A caution that mirrors Case Study 30.1: when a singular value is small but nonzero, reciprocating it ($1/\sigma$ becomes huge) amplifies noise catastrophically. Production engineering code uses the truncated SVD pseudoinverse — discarding singular values below a tolerance — to trade a little bias for enormous stability.

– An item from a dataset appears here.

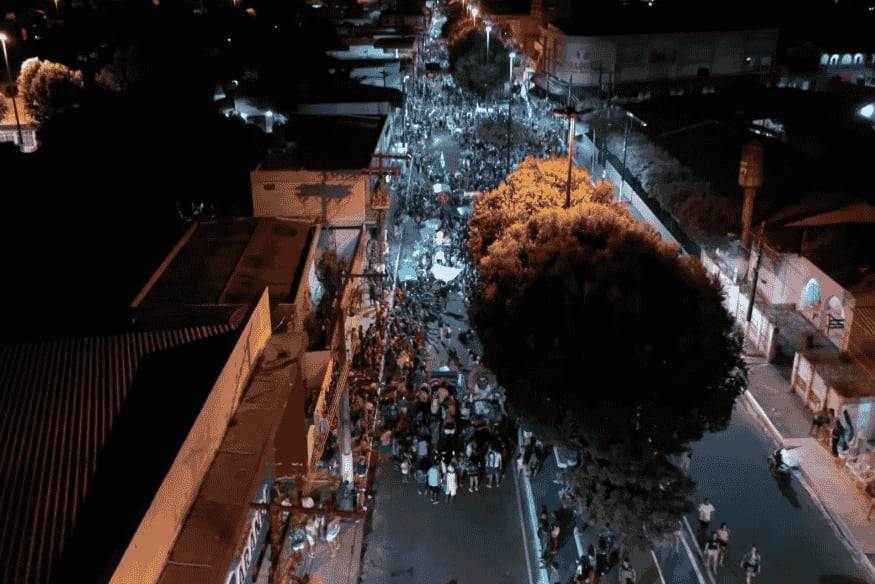 Vista aérea noturna de uma multidão reunida nas ruas de Parintins durante o festival folclórico.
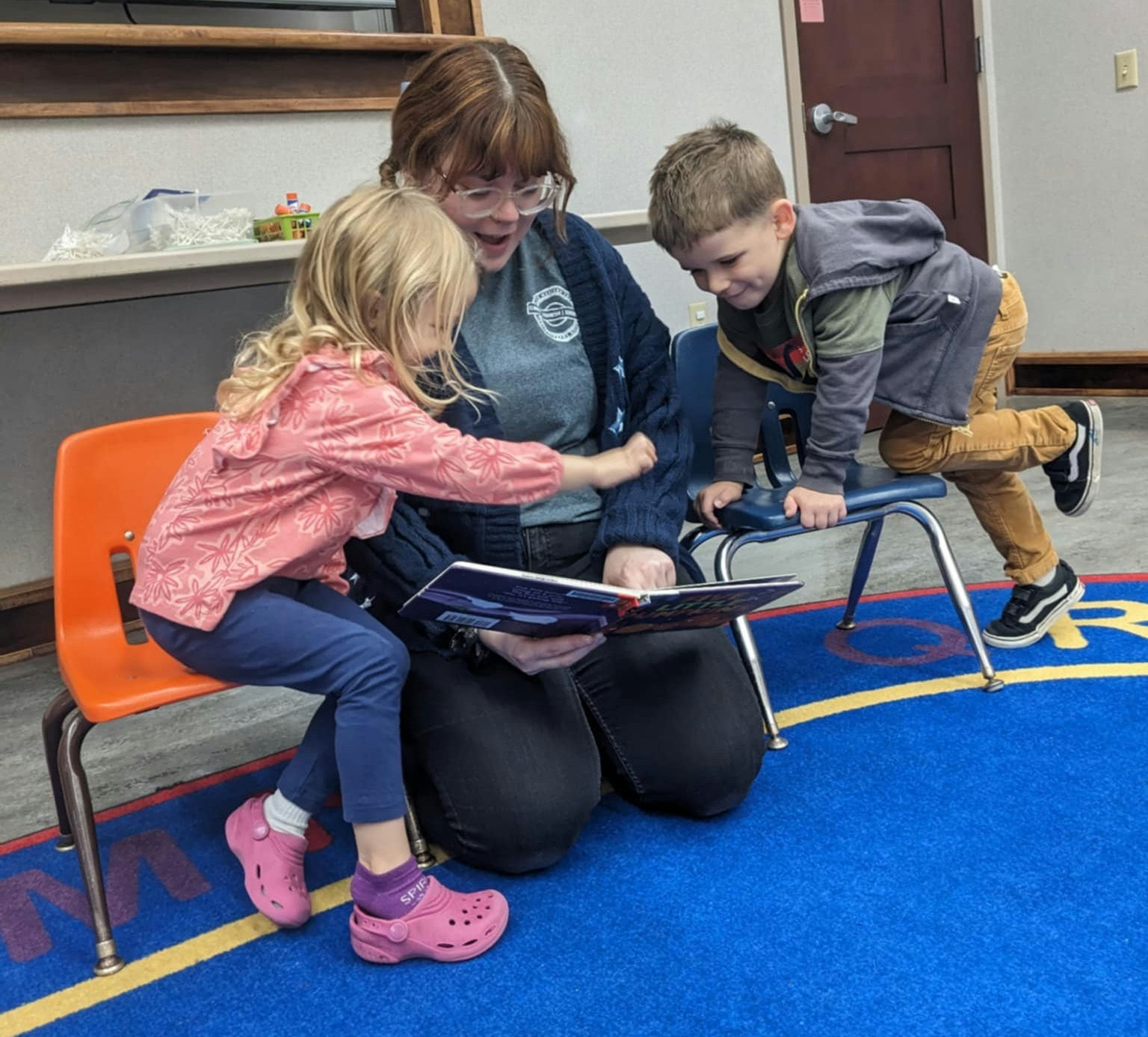 An adult reading to two children in a classroom, seated on bright-colored chairs on a blue carpet.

This is the regularization idea (kin to ridge regression and Tikhonov regularization) that makes least squares usable on real, noisy, ill-conditioned data, and it is invisible without the SVD.

Takeaways

  • Overdetermined systems (more measurements than unknowns) are everywhere in engineering and have no exact solution; the least-squares solution is the best approximation, minimizing $\lVert A\mathbf{x} - \mathbf{b}\rVert$.

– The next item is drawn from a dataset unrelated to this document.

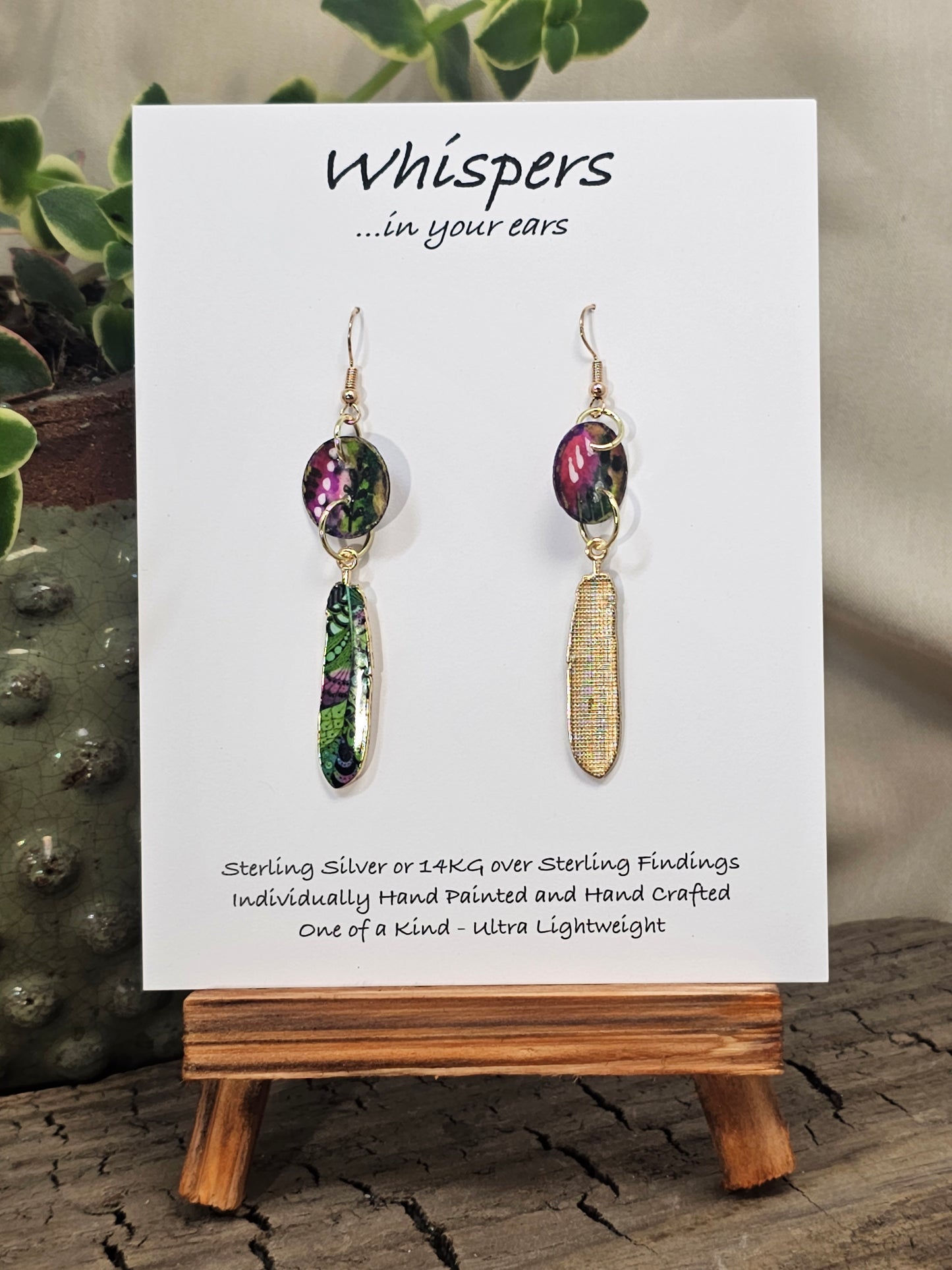 Jungle Pattern Feather Hand Painted Paper Earrings. 5/8" circular hand painted paper earring. Below hangs a gorgeous light weight metal enameled feather charm pendant. Back is gold in color. Pink, purple, gold, green, black and white, metallic accents edged in gold. Back of paper is painted in similar design and colors. Resin coated for durability. 14kg over sterling silver ear wires and findings. Hangs 2 1/2" in length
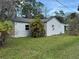 Side exterior of home showcasing palm tree at 309 Old Mission Rd, New Smyrna Beach, FL 32168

  • The SVD pseudoinverse $A^{+} = V\Sigma^{+}U^{\mathsf{T}}$ gives the least-squares solution $\hat{\mathbf{x}} = A^{+}\mathbf{b}$ for any matrix — and is more numerically reliable than the normal equations, because it never forms the condition-number-squaring $A^{\mathsf{T}}A$ (§30.10).
  • The condition number $\sigma_1/\sigma_{\min}$ certifies the fit: small means a stable, trustworthy estimate; huge means the experiment is poorly designed and the answer is fragile (the diagnostic of Chapter 38).
  • For rank-deficient systems (under-determined unknowns), the pseudoinverse returns the minimum-norm solution automatically — the principled choice where the normal equations fail outright. This is the everyday tool of control, robotics, and inverse problems.
  • One decomposition, the SVD, unifies projection (Chapter 19), regression (Chapter 17), and the pseudoinverse — learn it once, use it everywhere, the theme of Part VI.